The topic of homosexuality in India have a controversial history owing to the ban that came into formulation during the reigns of British and hasn’t been revoked since then. Even in 21st liberal, modern society we claim to comfortably move around in, homosexuality is seen as a taboo, unnatural concept, which is highly debated about, but is far from being embraced.
So, when Rishi Agarwal thought to came out, it was a bitter battle that he had to fight with himself to come to terms with his identity. On a plane ride back home to Vancouver in 2004, an incident changed his life and he thought, whatever happens, whatever the reactions of people around will be, he has to come out.
When Agarwal told his mother that he had something important to tell her, she ran to the garage to fetch her husband. “I thought Rishi was in big trouble, maybe he had gotten a girl pregnant or something,” she said. But she was devastated when Rishi made his announcement.
But unlike other parents, Rishi’s parents though initially devasted and rigid to the idea, decided to do a deep research on LGBTQ. They went to the local library and borrowed everything they could find on the LGBTQ subject – from books to DVDs made by the National Film Board of Canada.
They also started attending meetings of the Parents and Friends of Lesbians and Gays chapter in Toronto that took place once a month. “At that time, we really needed the support,” said Vijay Agarwal. “Because the thoughts were coming, why us?
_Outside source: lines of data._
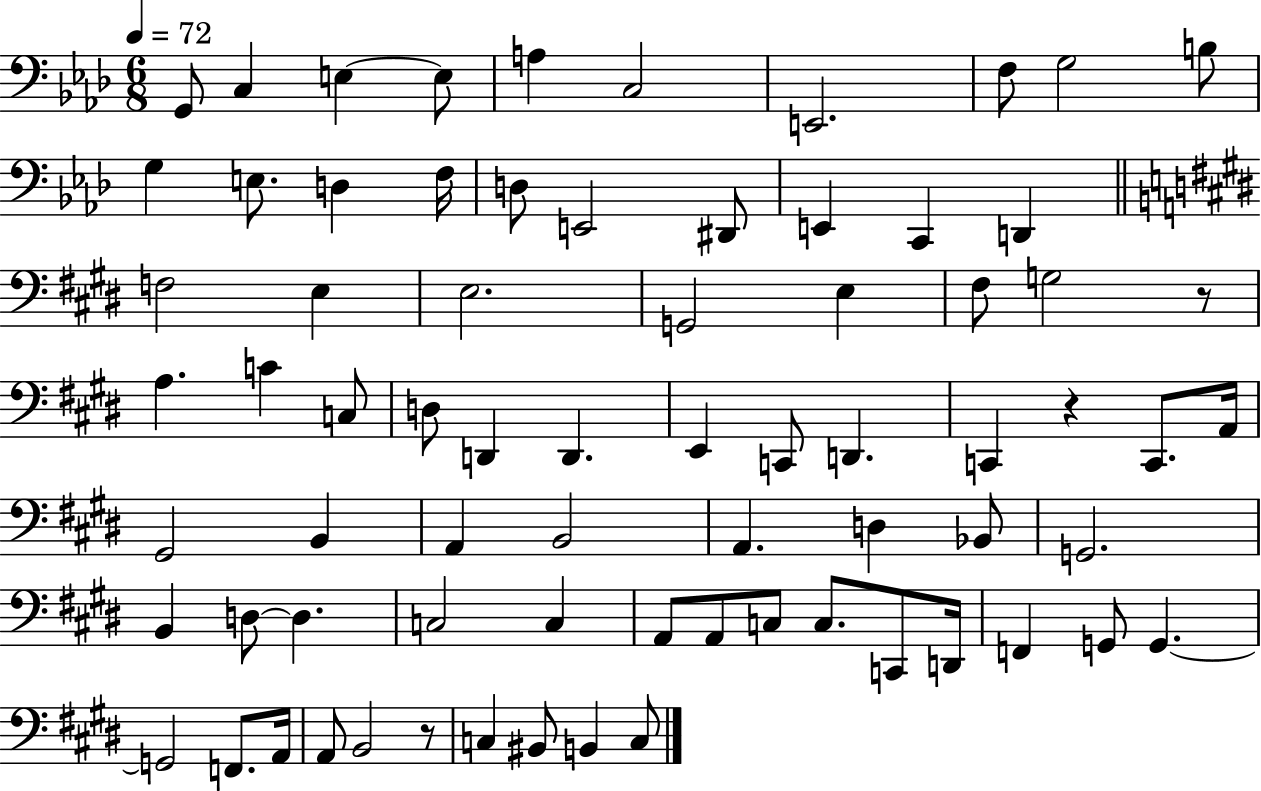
{
  \clef bass
  \numericTimeSignature
  \time 6/8
  \key aes \major
  \tempo 4 = 72
  g,8 c4 e4~~ e8 | a4 c2 | e,2. | f8 g2 b8 | \break g4 e8. d4 f16 | d8 e,2 dis,8 | e,4 c,4 d,4 | \bar "||" \break \key e \major f2 e4 | e2. | g,2 e4 | fis8 g2 r8 | \break a4. c'4 c8 | d8 d,4 d,4. | e,4 c,8 d,4. | c,4 r4 c,8. a,16 | \break gis,2 b,4 | a,4 b,2 | a,4. d4 bes,8 | g,2. | \break b,4 d8~~ d4. | c2 c4 | a,8 a,8 c8 c8. c,8 d,16 | f,4 g,8 g,4.~~ | \break g,2 f,8. a,16 | a,8 b,2 r8 | c4 bis,8 b,4 c8 | \bar "|."
}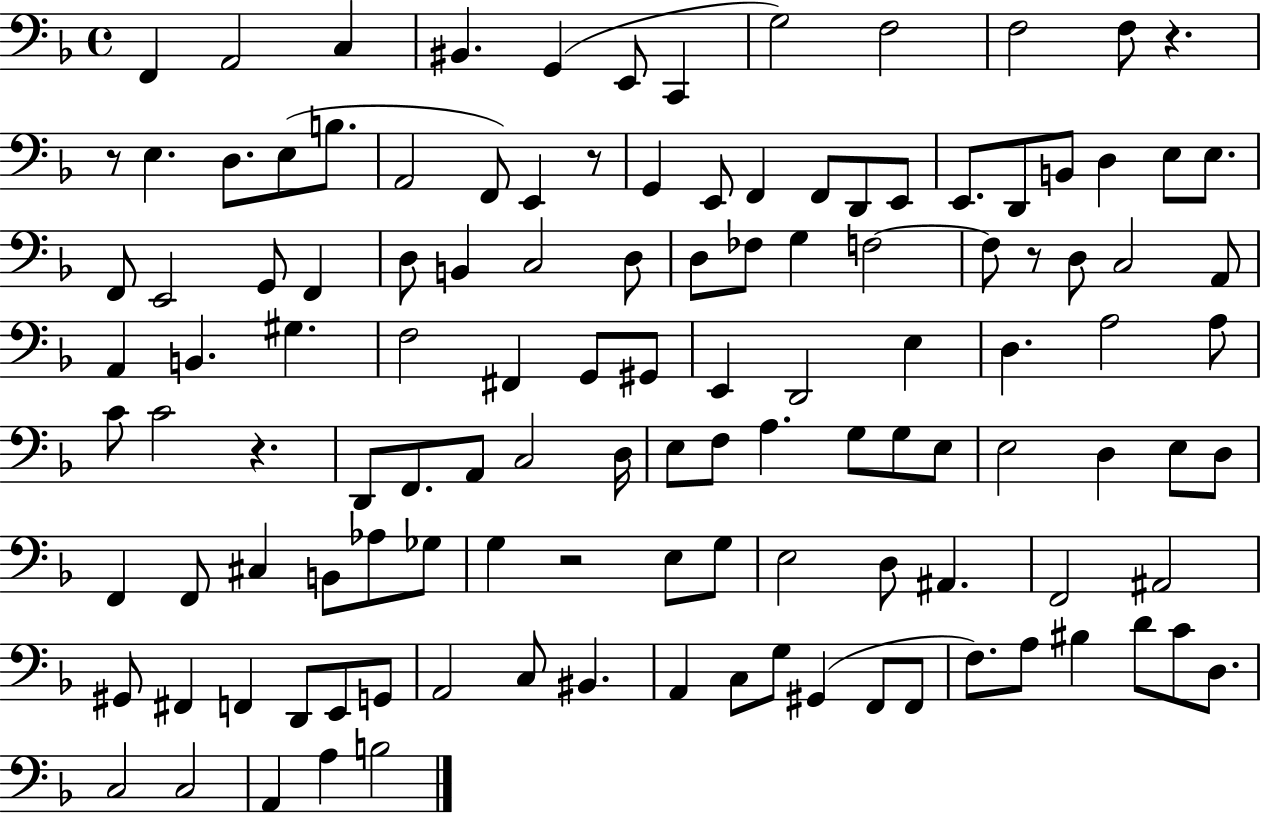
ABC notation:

X:1
T:Untitled
M:4/4
L:1/4
K:F
F,, A,,2 C, ^B,, G,, E,,/2 C,, G,2 F,2 F,2 F,/2 z z/2 E, D,/2 E,/2 B,/2 A,,2 F,,/2 E,, z/2 G,, E,,/2 F,, F,,/2 D,,/2 E,,/2 E,,/2 D,,/2 B,,/2 D, E,/2 E,/2 F,,/2 E,,2 G,,/2 F,, D,/2 B,, C,2 D,/2 D,/2 _F,/2 G, F,2 F,/2 z/2 D,/2 C,2 A,,/2 A,, B,, ^G, F,2 ^F,, G,,/2 ^G,,/2 E,, D,,2 E, D, A,2 A,/2 C/2 C2 z D,,/2 F,,/2 A,,/2 C,2 D,/4 E,/2 F,/2 A, G,/2 G,/2 E,/2 E,2 D, E,/2 D,/2 F,, F,,/2 ^C, B,,/2 _A,/2 _G,/2 G, z2 E,/2 G,/2 E,2 D,/2 ^A,, F,,2 ^A,,2 ^G,,/2 ^F,, F,, D,,/2 E,,/2 G,,/2 A,,2 C,/2 ^B,, A,, C,/2 G,/2 ^G,, F,,/2 F,,/2 F,/2 A,/2 ^B, D/2 C/2 D,/2 C,2 C,2 A,, A, B,2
What did we do wrong? When we went to the first meeting, we felt – thank God we are not alone. There are others like us. This means it’s not that unnatural.
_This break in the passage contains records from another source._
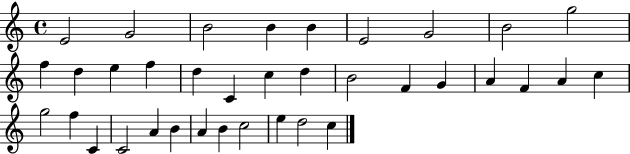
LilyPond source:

{
  \clef treble
  \time 4/4
  \defaultTimeSignature
  \key c \major
  e'2 g'2 | b'2 b'4 b'4 | e'2 g'2 | b'2 g''2 | \break f''4 d''4 e''4 f''4 | d''4 c'4 c''4 d''4 | b'2 f'4 g'4 | a'4 f'4 a'4 c''4 | \break g''2 f''4 c'4 | c'2 a'4 b'4 | a'4 b'4 c''2 | e''4 d''2 c''4 | \break \bar "|."
}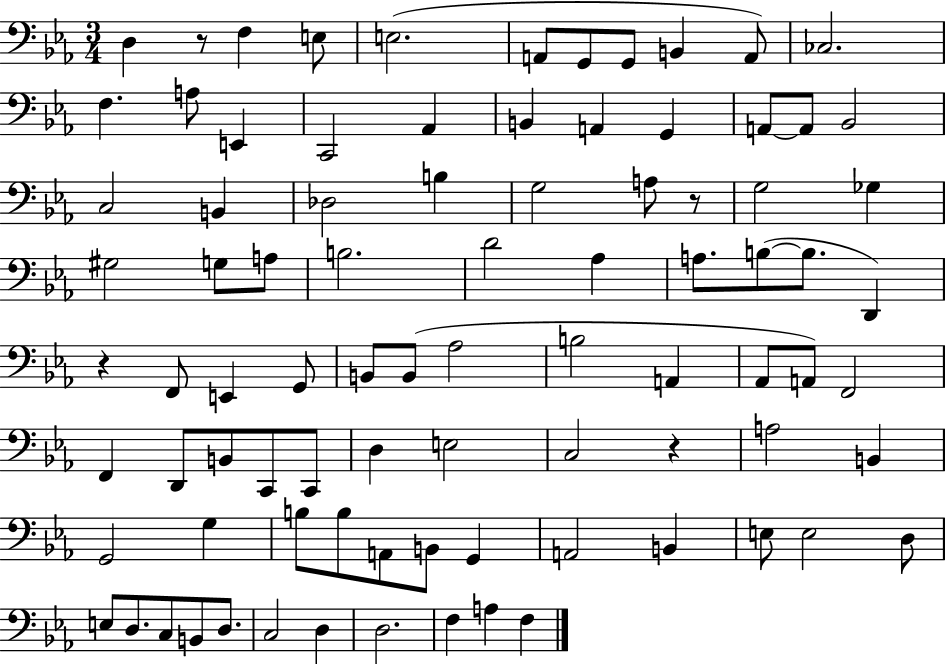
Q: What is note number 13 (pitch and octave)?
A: E2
Soon after Agrawal came out, he met Daniel Langdon and decided to get wed in Canada. That was in 2011. Agrawal’s threw a big fat typical Hindu marriage, and very subtly, without knowing changed the entire conversation around homosexuality in India.
As far as Rishi is concerned, his parents’ support for the LGBTQ has benefited him on a personal and public level.”Over the last 12 years, many of my friends, who saw the way my parents handled the situation, started talking to their own families,” he said. “They told me how their relationships have improved. And those friends have now become some of my closest friends.
It is important for parents to be more open to understanding, and to know that homosexuality is as justified as heterosexuality. We hope India sees more Agarwal’s who embraces the notion, rather than giving in to the stereotypes. Kudos to the Agarwal family, and congratulations to their son on a happy wedding!